Mr Cho said lamb-based noodle dishes, which were originally designed for the Australia Day promotion, took off in Melbourne’s multicultural suburb of Roxburgh Park, where nearly 30 per cent of the population is Muslim.
In addition to tweaking the menu, the noodle chain also had to substitute fresh noodles with dried ones to deal with the difficulties with finding a Middle East-based supplier.
The cultural customs in Saudi Arabia influenced the design of the restaurants, which will be on a split level to provide separate dining areas for families and single men.
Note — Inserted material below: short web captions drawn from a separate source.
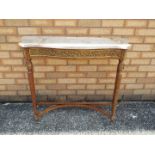 A marble topped console table on fluted supports and with gilt metal mounts,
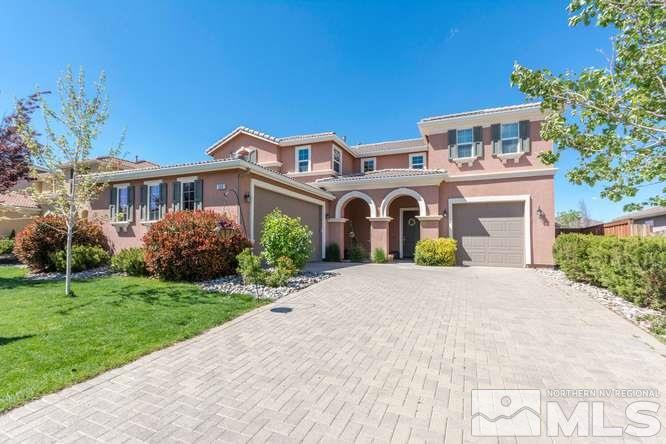385 Teramo Drive Reno, NV 89521 - Photo 1 of 1 a front view of a house with a garden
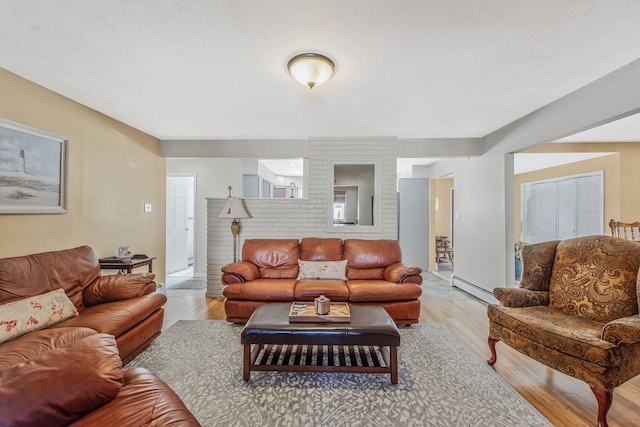 51 Pewter Ln, Hicksville, NY 11801 - living area featuring a baseboard radiator and light wood finished floors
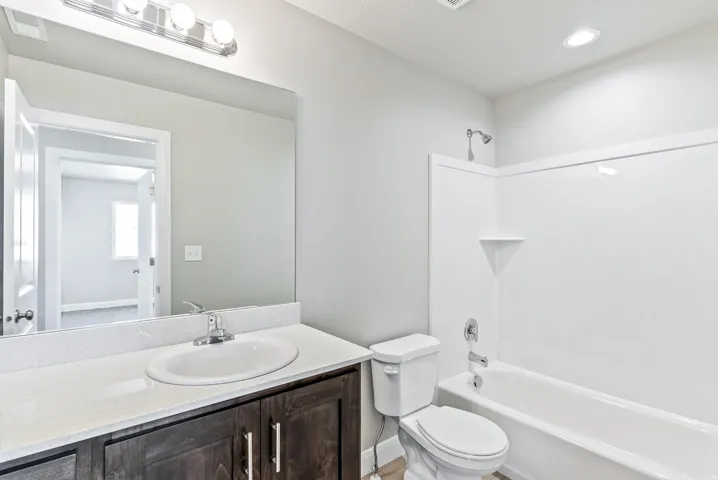 Single vanity with wood-finish cabinetry, white countertop, and integrated sink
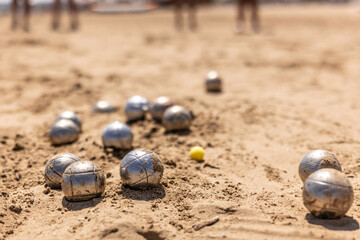 Petanque balls in the sand by the sea during a game on the beach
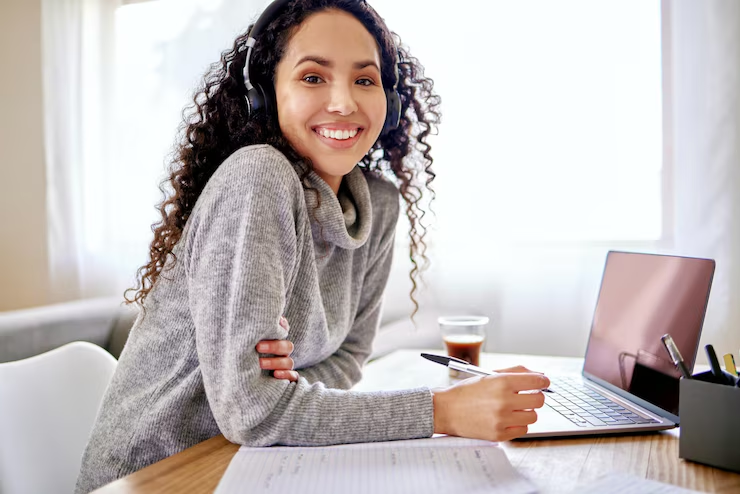 Happy female AAMI student at her desk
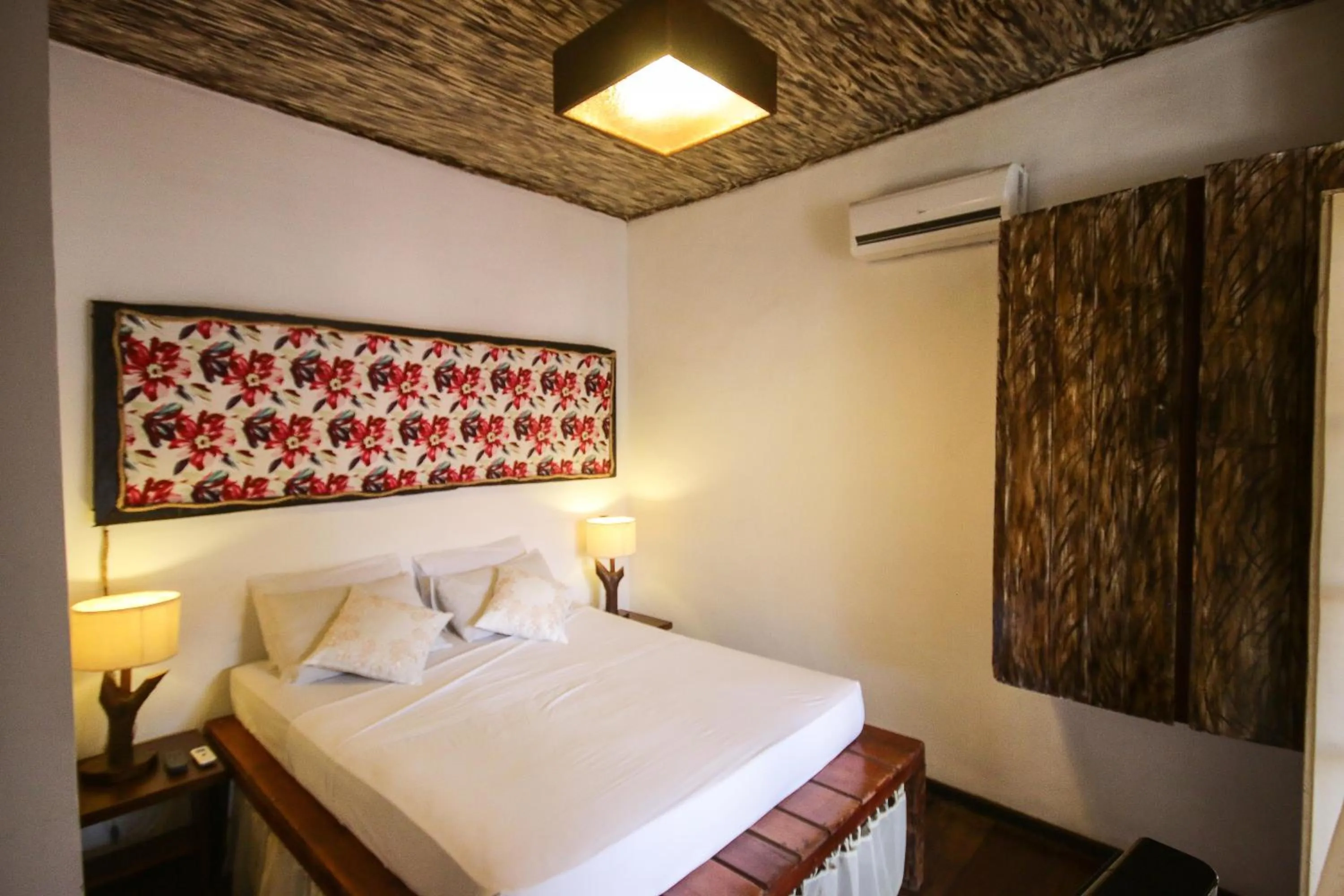 Bed in Pousada Portas da Amazônia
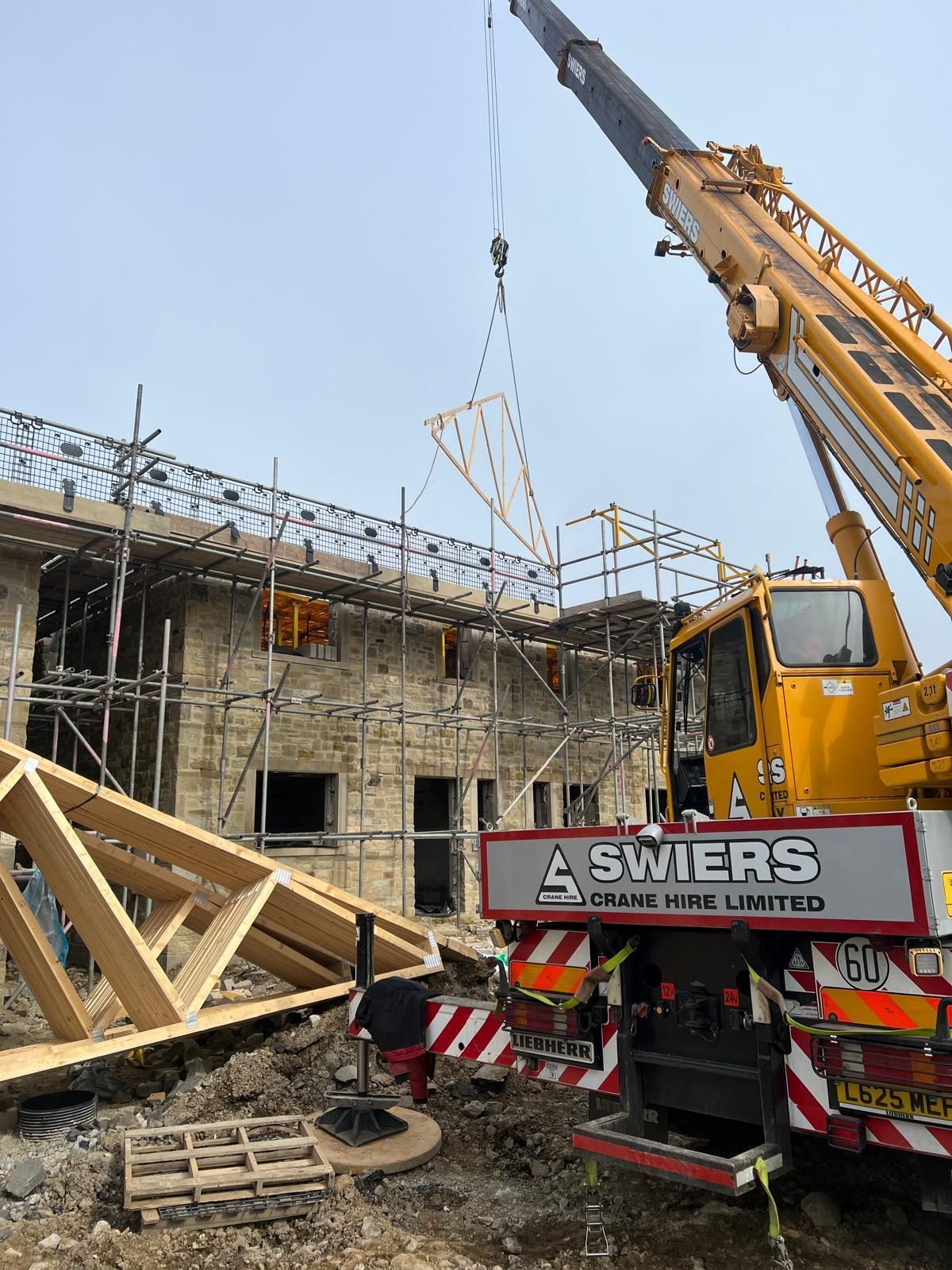 A crane lifting a wooden roof truss onto a building under construction. Workers are present.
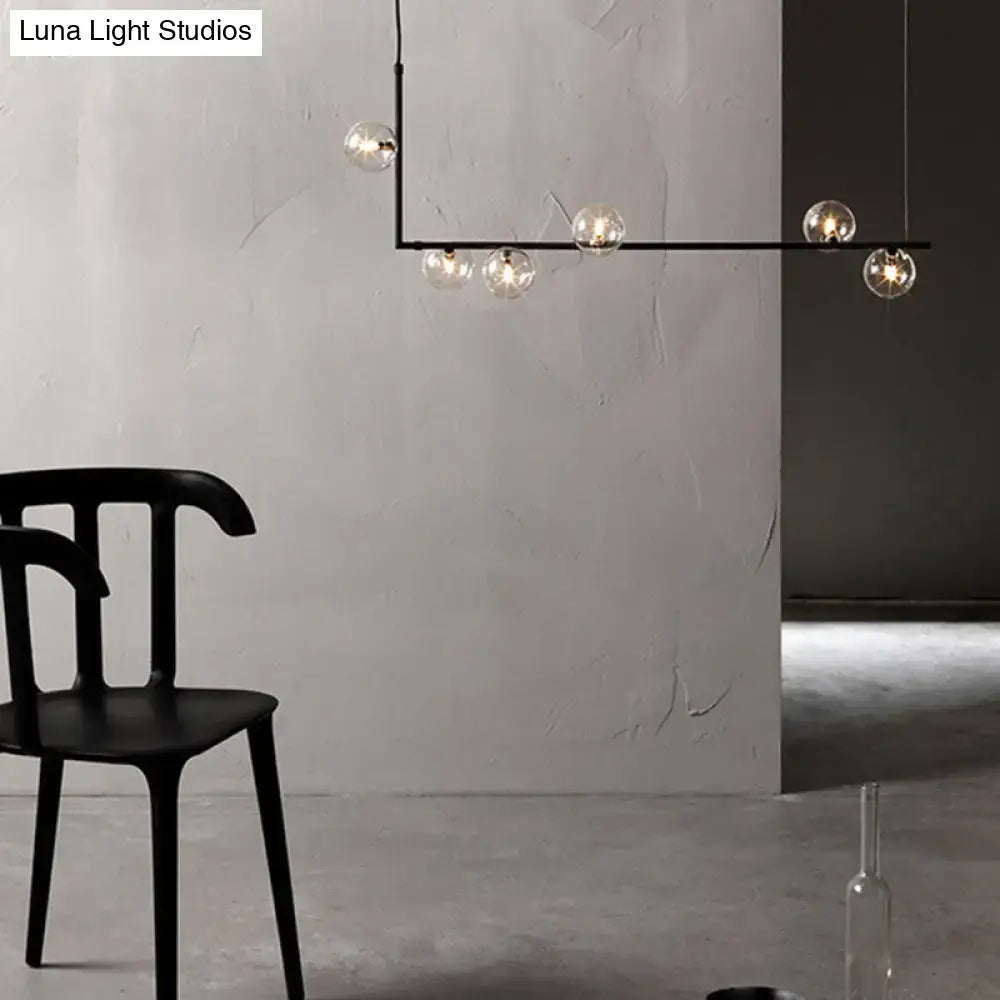 Modern black linear island pendant with glass shade dining room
The franchisees will be based in Saudi Arabia and the United Arab Emirates in the near future, but it may also expand into other Middle Eastern countries such as Kuwait and Qatar.
Noodle Box chief Ian Martin said Saudi Arabia was fast becoming a lucrative market for international fast-food chains, particularly in the younger demographic market.
“As they get greater exposure to Western brands, their palates develop,” Mr Martin said.
The fast-food market in Saudi Arabia was valued at 15.7 billion Saudi riyal ($4.8 billion) in 2012, up 9pc from the previous year, according to the latest Euromonitor report.
A growing number of Asian expats in Saudi Arabia has also upped the demand for noodle consumption, according to the report.
Having led the financial operations of Yum! Brands, Burger King Corp and Gloria Jean’s Coffees International in the Asia-Pacific region and Middle East, Mr Martin saw a rise in health consciousness in the fast-food industry over the past few years.
He said a similar trend in the Middle East will work in the favour of Noodle Box, which markets itself as providing authentic, high-quality and fresh noodle-based meals.
“They are also demonstrating the same social attributes like raising health (consciousness). People are moving away from less healthy food to more fresh ingredients,” he said.